Azure Storage Accounts serve as the foundational building blocks for Microsoft’s cloud storage offerings, providing scalable, secure, and highly available storage solutions for various data types. This article delves into the intricate technical architecture of Azure Storage Accounts, exploring how they are structured and how they achieve a high Service Level Agreement (SLA). We will also examine how Azure Managed Disks operate as an abstraction layer on top of these storage accounts, simplifying disk management for virtual machines (VMs).

The Architecture of Azure Storage Accounts

1. Storage Account Structure

At its core, an Azure Storage Account is a container that groups together multiple storage services:

• Blob Storage: For storing unstructured data like images, videos, and documents.

• File Storage: Provides managed file shares accessible via SMB protocol.

• Queue Storage: For message queuing and communication between application components.

• Table Storage: A NoSQL store for structured data. These services are accessible via unique endpoints, and the storage account serves as the namespace and security boundary.

These services are accessible via unique endpoints, and the storage account serves as the namespace and security boundary.

2. Storage Stamp and Cluster Design

Azure’s storage infrastructure is built upon a concept known as a storage stamp.

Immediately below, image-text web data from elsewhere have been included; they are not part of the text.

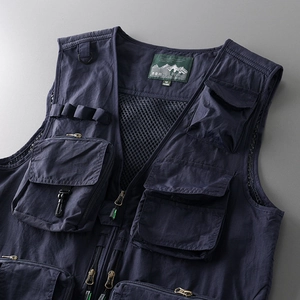 Detail showing the inner mesh lining, size label, and multi-pocket design of the tactical vest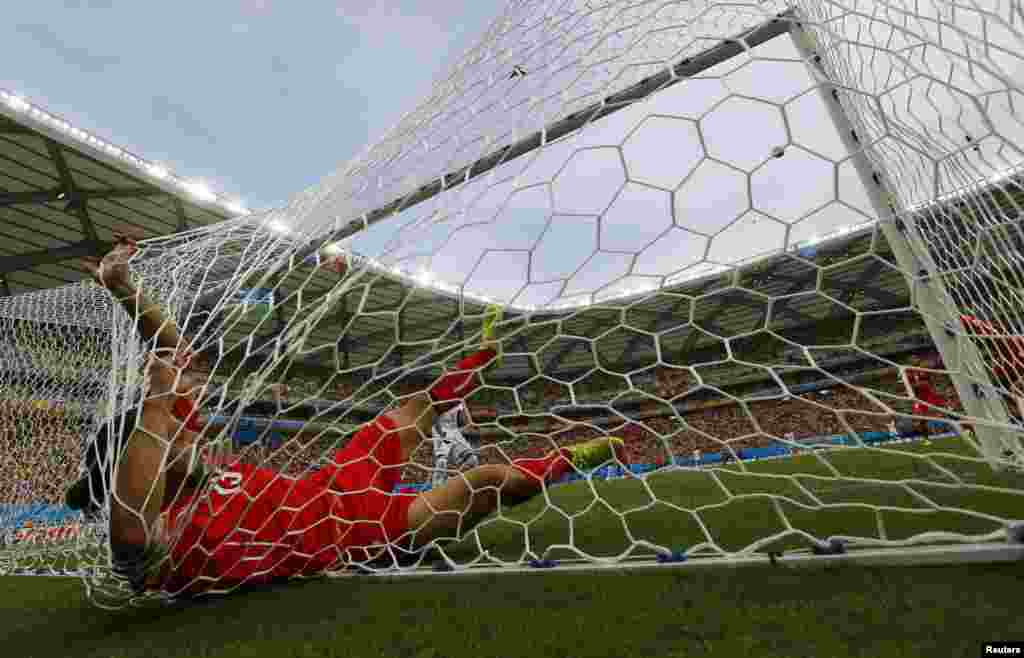 سوئٹزرلینڈ کے ریکارڈو روڈیگویز گول بچاتے ہوئے گول میں گرے ہوئے ہیں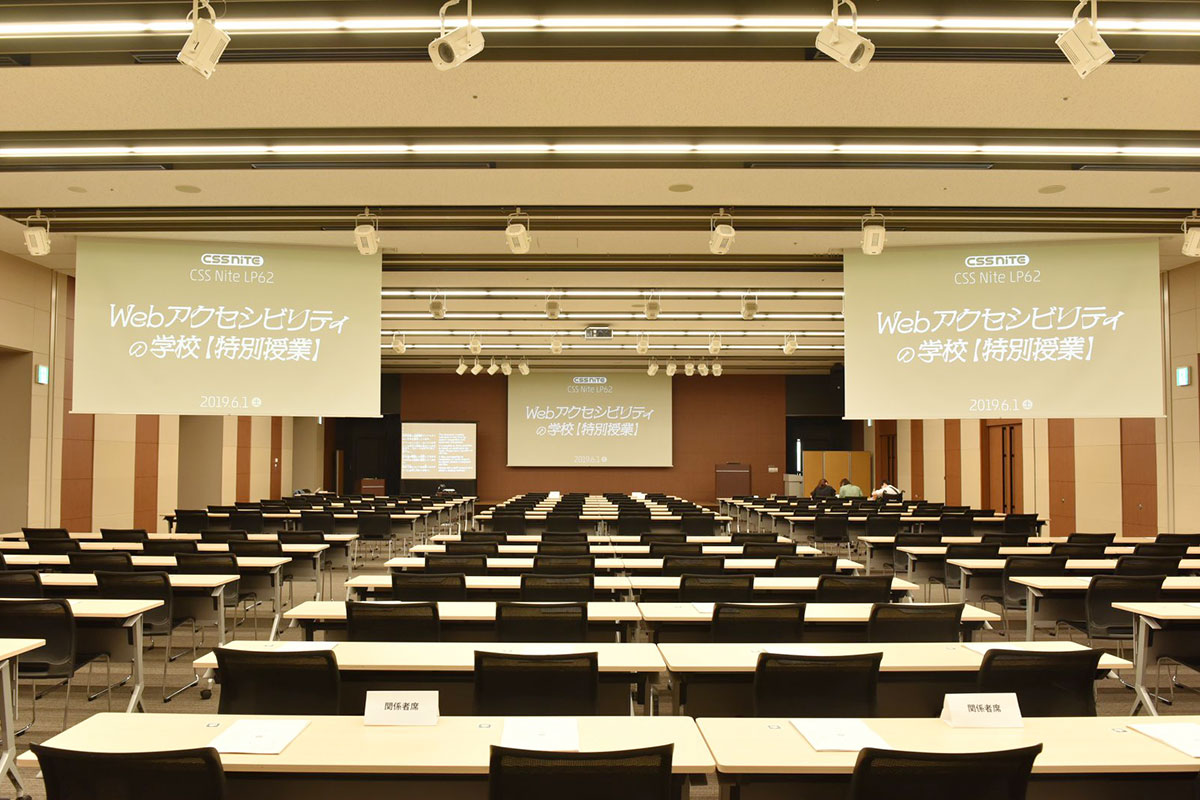 写真:整然と机と椅子が並んだ会場。前方中央と後方左右にはスライドを写すスクリーンがある。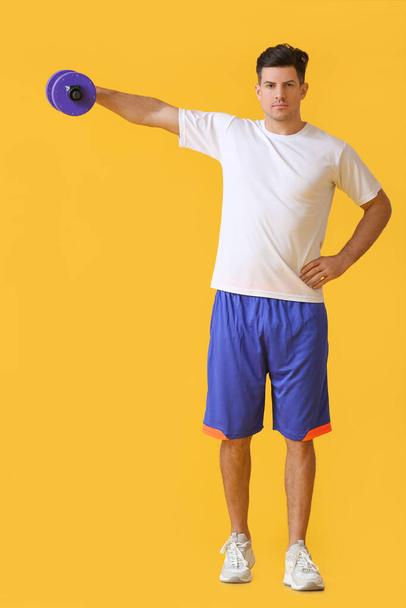 Sporty young man training with dumbbell on color background - Фото, зображення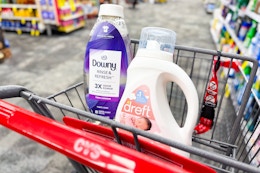 dreft and downy laundry items in a cart
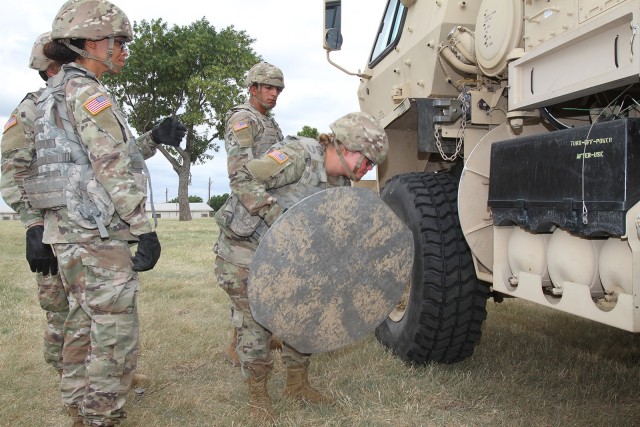 Pvt. Meagan Brewer, an Army National Guard Soldier from Grove, Oklahoma, hefts an outrigger sand pad, a roughly 30-pound bulky metal disc, back onto the TPQ-53 radar. Brewer wanted to become an 11B Infantry Soldier but instead found an MOS she...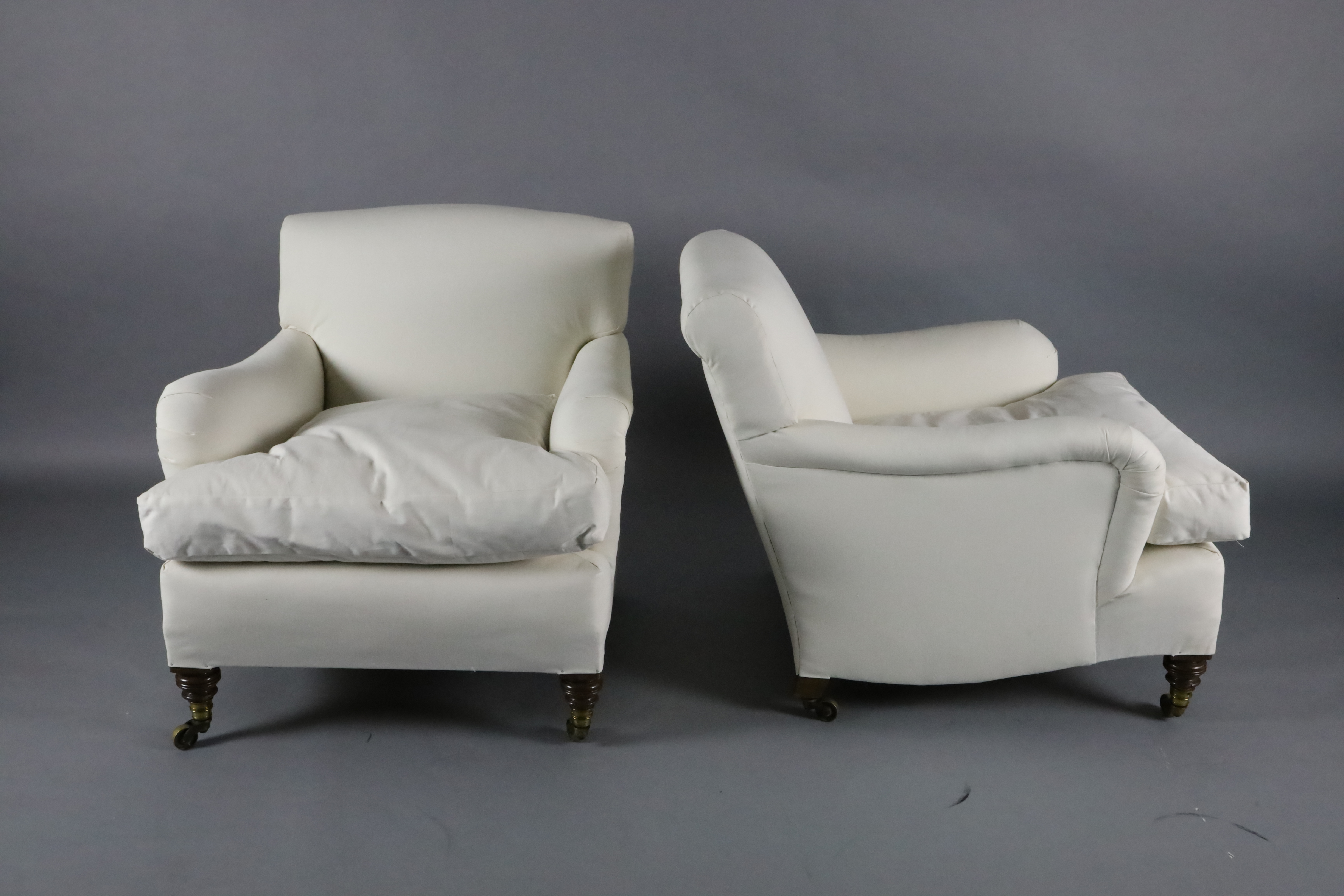 A pair of Victorian Howard & Sons club armchairs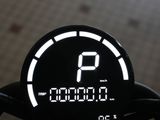 a digital clock on the handlebar of a motorcycle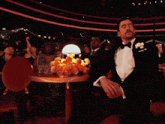 a man in a tuxedo is covering his face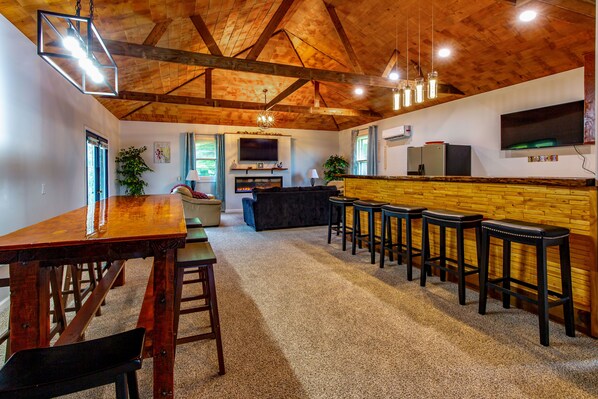 A spacious living area with a wooden ceiling, a large TV mounted on the wall, a fireplace, and a bar area with stools.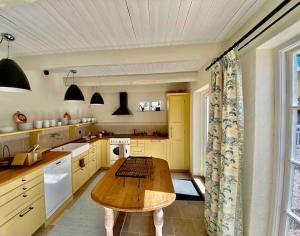 a large kitchen with a wooden table in it at Exklusivt gästhus på anrik prästgård in Sösdala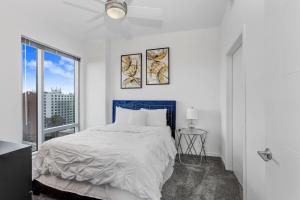 a white bedroom with a large bed and a window at Stunning 2-Bed Condo with Panoramic DT Tampa Views in Tampa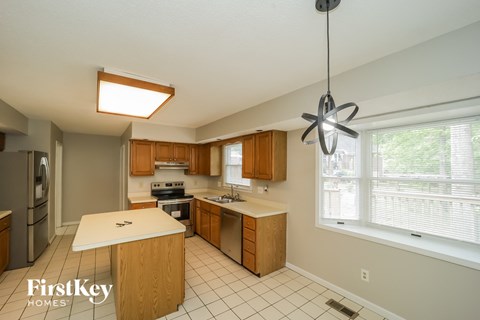 A kitchen with wooden cabinets and a white countertop.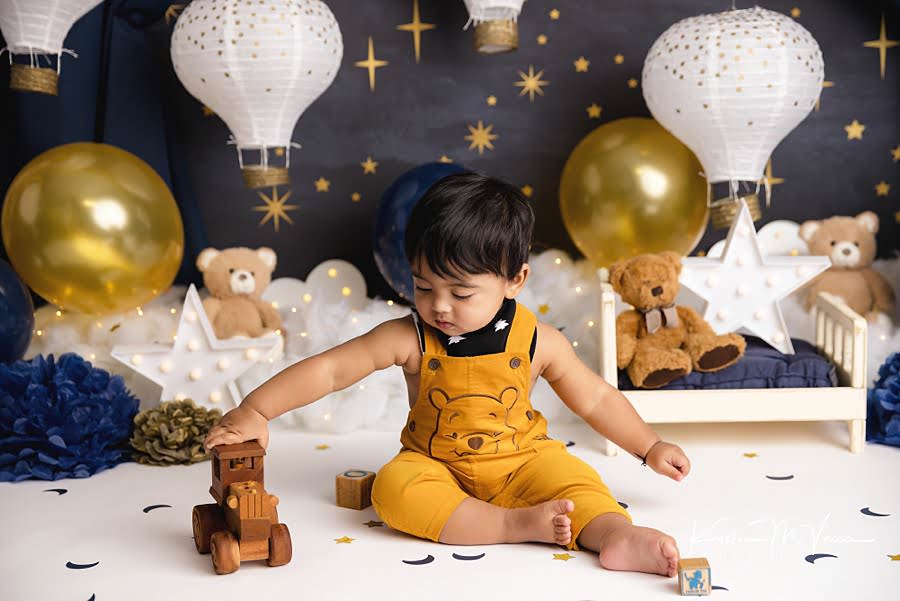 Toddler boy pushing a toy during his blue and gold teddy cake smash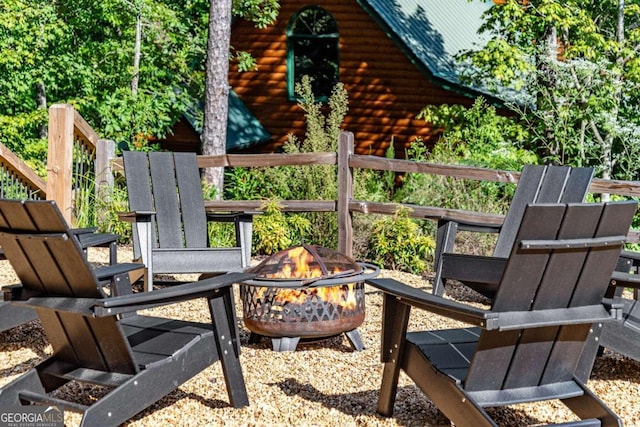 view of patio featuring an outdoor fire pit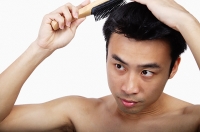 Man with hair brush - Asia Images Group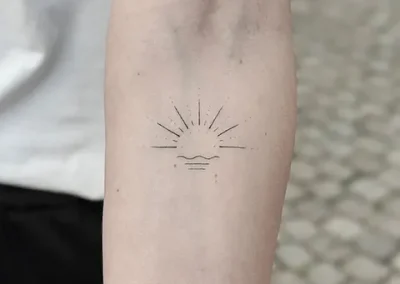 Fineline tatovering af solopgang med stråler på underarm
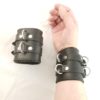 HouseofBasciano double buckle wrist cuffs black side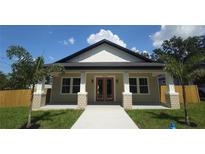 Charming single-story home with craftsman details, a welcoming porch, and a well-manicured lawn at 7013 N 15Th St, Tampa, FL 33610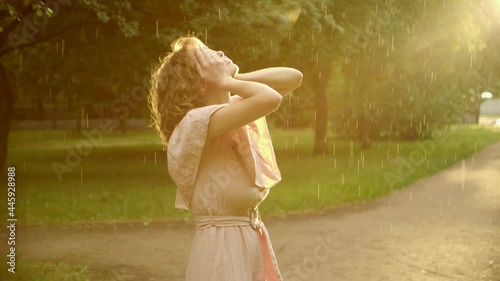 a woman in a dress, enjoys the rain in the light of the departing sun, she raises her hands and covers her face with happiness, the image of a beautiful youth, youth of the soul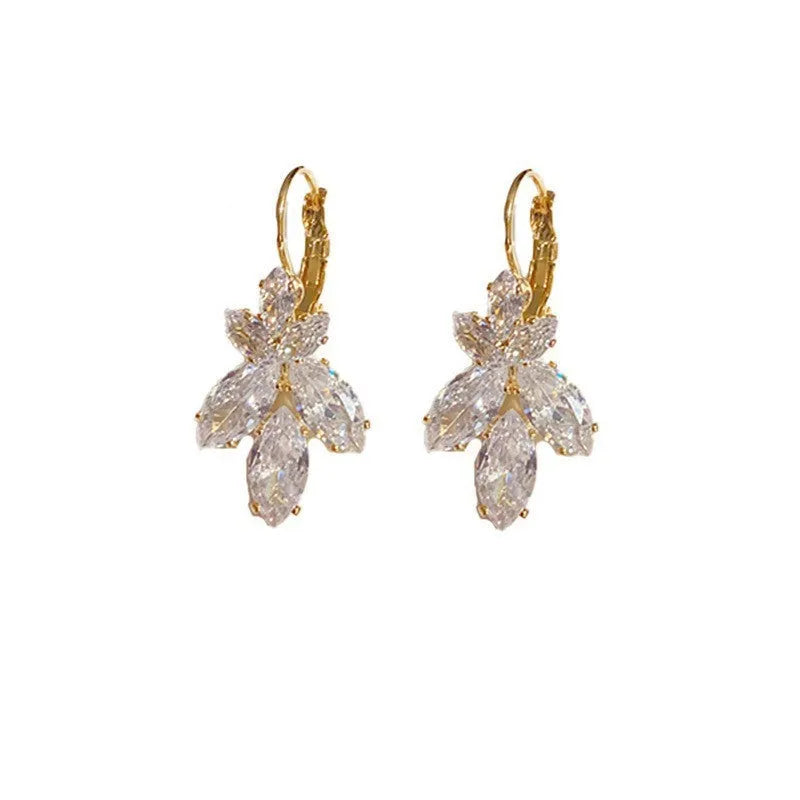Women's platinum alloy earrings with leaves shape and inlaid zircon stones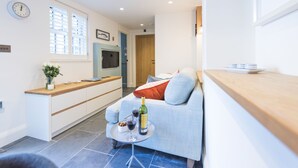 Eine moderne Küche mit Einbauofen und Mikrowelle, ein Essbereich mit Holztisch und Stühlen sowie eine gemütliche Sitzecke mit Sofa und kleinem Couchtisch.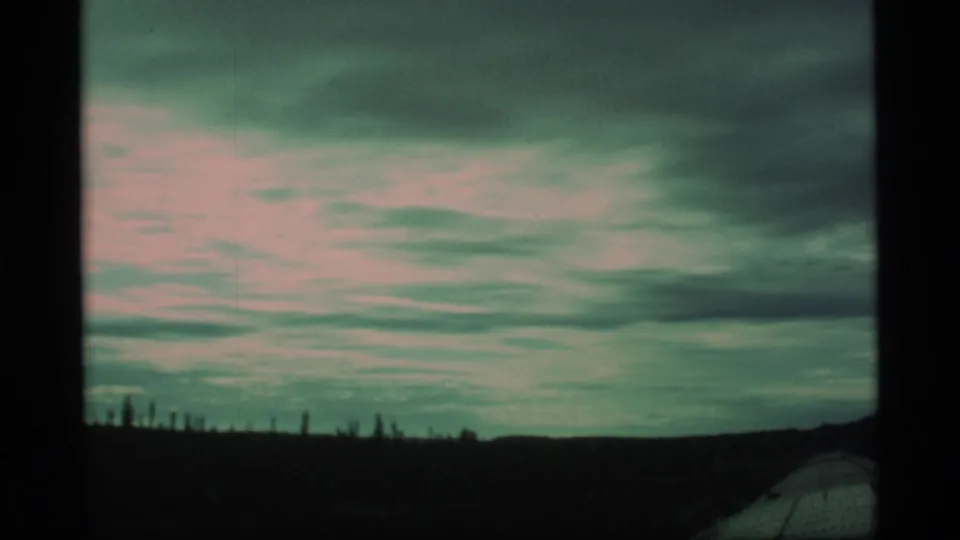 1977 Alaska home-movie frame with heavy clouds, a low dark horizon, and roadside scenery seen in motion.
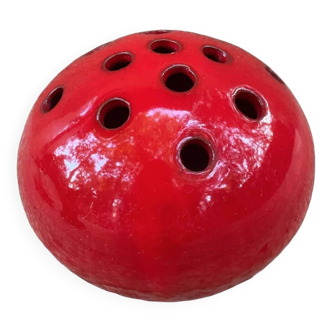 Red ceramic flower holder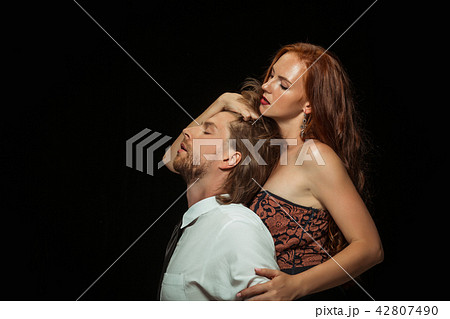 Real passion. Beautiful young loving couple bonding to each other while both standing against black Real passion. Beautiful young loving couple bonding to each other while both standing against black 42807490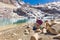 Traditional clothing woman sitting resting lake mountain shore, Bolivia travel.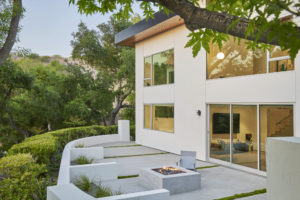 Photo of the backyard of an modern house. Shows large concrete pavers, a concrete firepit, and the white exterior walls of the house with multiple large glass windows.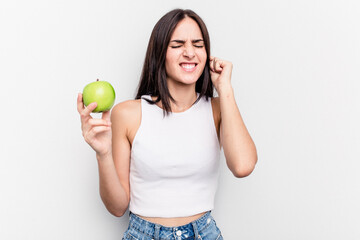 Young caucasian woman holding an apple isolated on white background covering ears with hands.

A storage stamp is a cluster of racks, each containing multiple storage nodes, and is designed to scale out horizontally. A storage stamp is usually a cluster of N racks of storage nodes, where each rack is built out as a separate fault domain with redundant networking and power to ensure it’s properly separated in case of issues. Typecally clusters range from 10-20 racks with 18 disk-heavy storage nodes per rack. Their first generation of storage stamps would hold around 2PB of raw storage each, but the latest ones hold up to 30 PB of raw storage each. To ensure a low cost on storage they keep the storage provisioned in production to be as utilized as possible, from documents read a storage stamp is utilized around 70% in terms of capacity/transation/bandwith, avoiding to go above 80% as keeping a a margin like that would ensure continuity in case of a rack failure within a stamp. When the storage stamp reacher ±70% utilization, the location service migrates accounts to other stamps using both asynchronus and synchronus replication.

Location Service

The location service manages all the storage stamps. It’s also responsible for managing the account name space across all stamps. The location services allocates accounts to storage stamps and manages them across the storage stamps for disaster recovery and load balancing. The location service itself is distributed across two geographic locations for it’s own disaster recovery. The LS then chooses a storage stamp within that location as the primary stamp for the account using heuristics based on the load information across all stamps (which considers the fullness of the stamps and other metrics such as network and transaction utilization). The LS then stores the account metadata information in the chosen storage stamp, which tells the stamp to start taking traffic for the assigned account. The LS then updates DNS to allow requests to now route from the name https://AccountName.service.core.windows.net/ to that storage stamp’s virtual IP (VIP, an IP address the storage stamp exposes for external traffic).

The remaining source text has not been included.